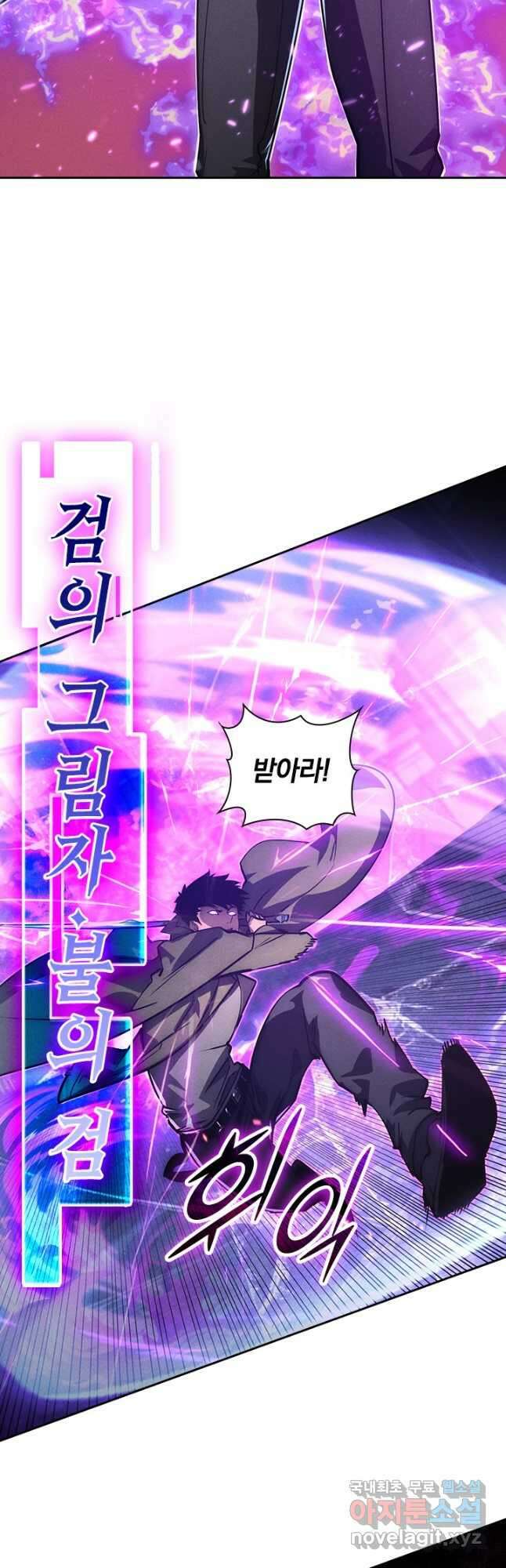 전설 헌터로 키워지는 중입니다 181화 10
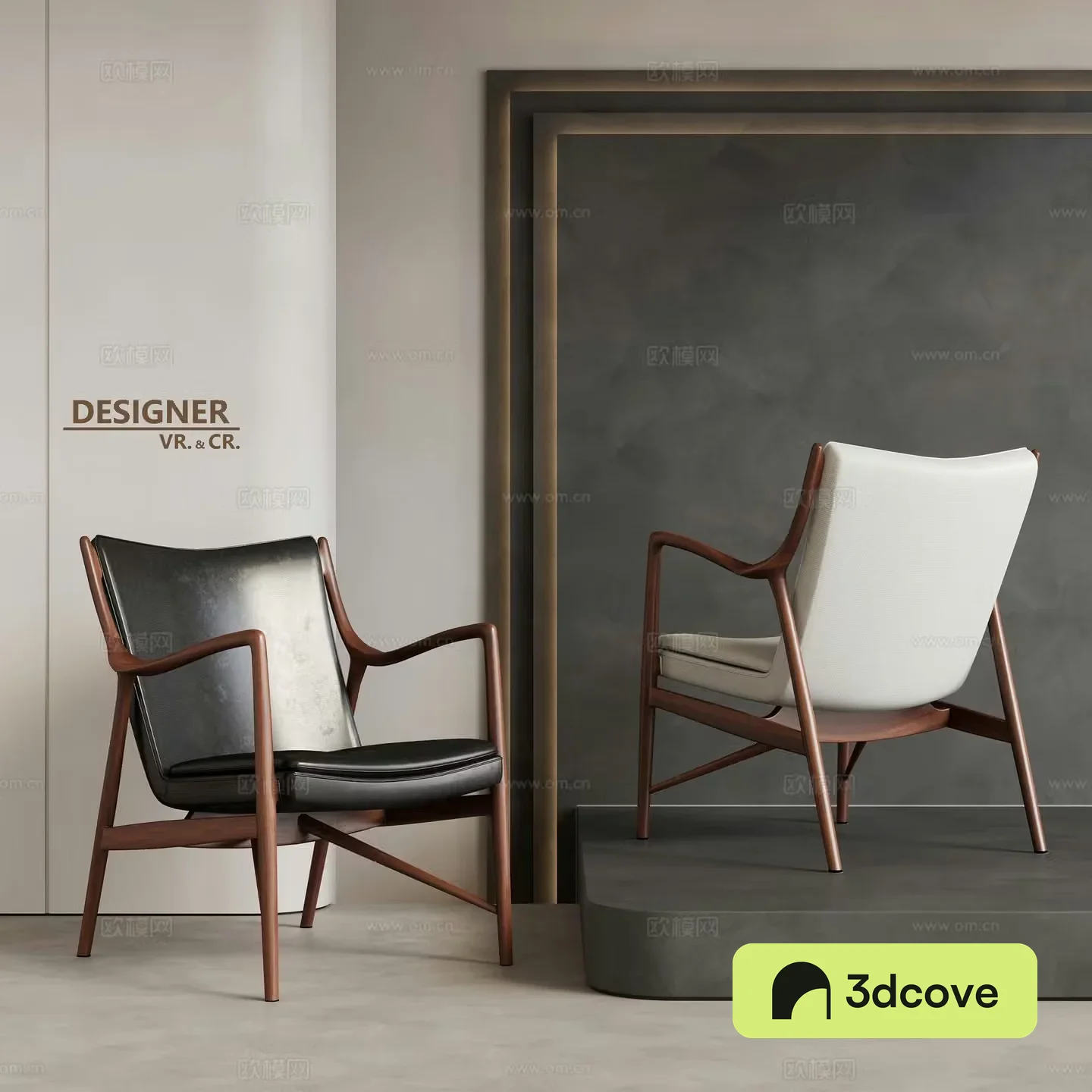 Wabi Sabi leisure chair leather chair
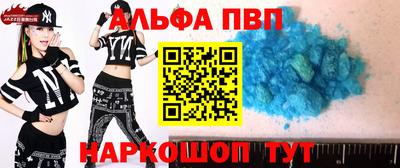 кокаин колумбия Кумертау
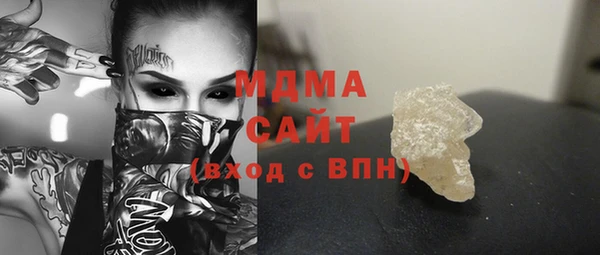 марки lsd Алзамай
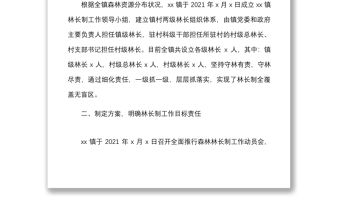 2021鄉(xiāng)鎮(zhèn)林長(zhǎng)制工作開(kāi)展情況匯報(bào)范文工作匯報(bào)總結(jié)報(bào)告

▬▬▬

■ About this exercise ■
Your copy must reproduce the entries above in full, without their pictures.

■ Answer section ■
 전설 헌터로 키워지는 중입니다 181화 10
 Wabi Sabi leisure chair leather chair
 кокаин колумбия Кумертау
 марки lsd Алзамай
 2021鄉(xiāng)鎮(zhèn)林長(zhǎng)制工作開(kāi)展情況匯報(bào)范文工作匯報(bào)總結(jié)報(bào)告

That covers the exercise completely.